--- What the exercise asks ---
Restate the records in full and exactly, with no images included.

--- Task material ---
Segment Open

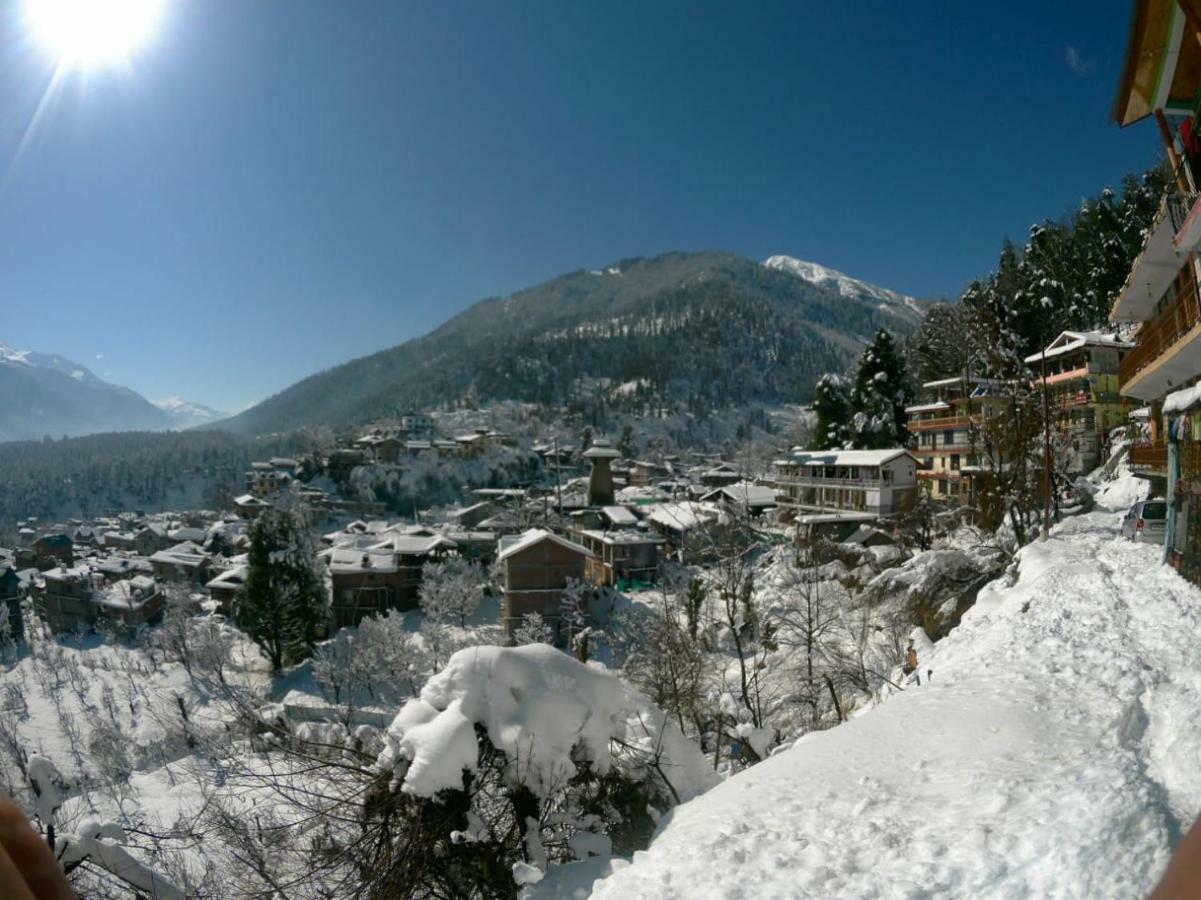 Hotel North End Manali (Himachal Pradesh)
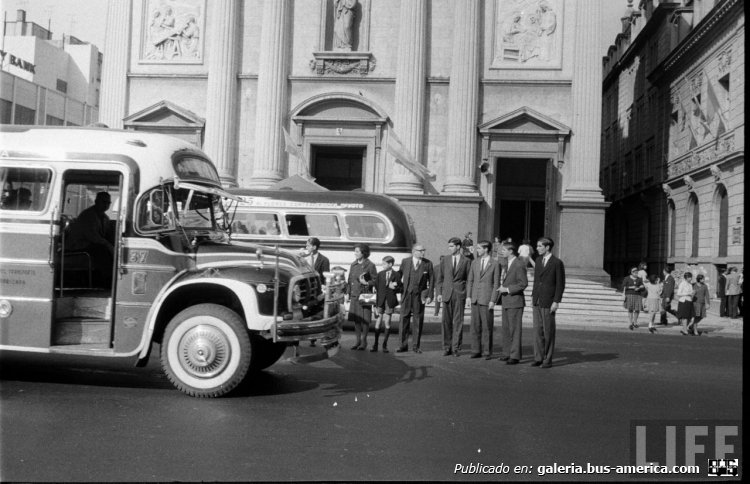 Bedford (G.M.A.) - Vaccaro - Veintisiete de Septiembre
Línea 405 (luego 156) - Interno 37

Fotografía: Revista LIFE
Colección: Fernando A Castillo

Segment Closed

--- Solved problem ---
 Hotel North End Manali (Himachal Pradesh)
 Bedford (G.M.A.) - Vaccaro - Veintisiete de Septiembre
Línea 405 (luego 156) - Interno 37

Fotografía: Revista LIFE
Colección: Fernando A Castillo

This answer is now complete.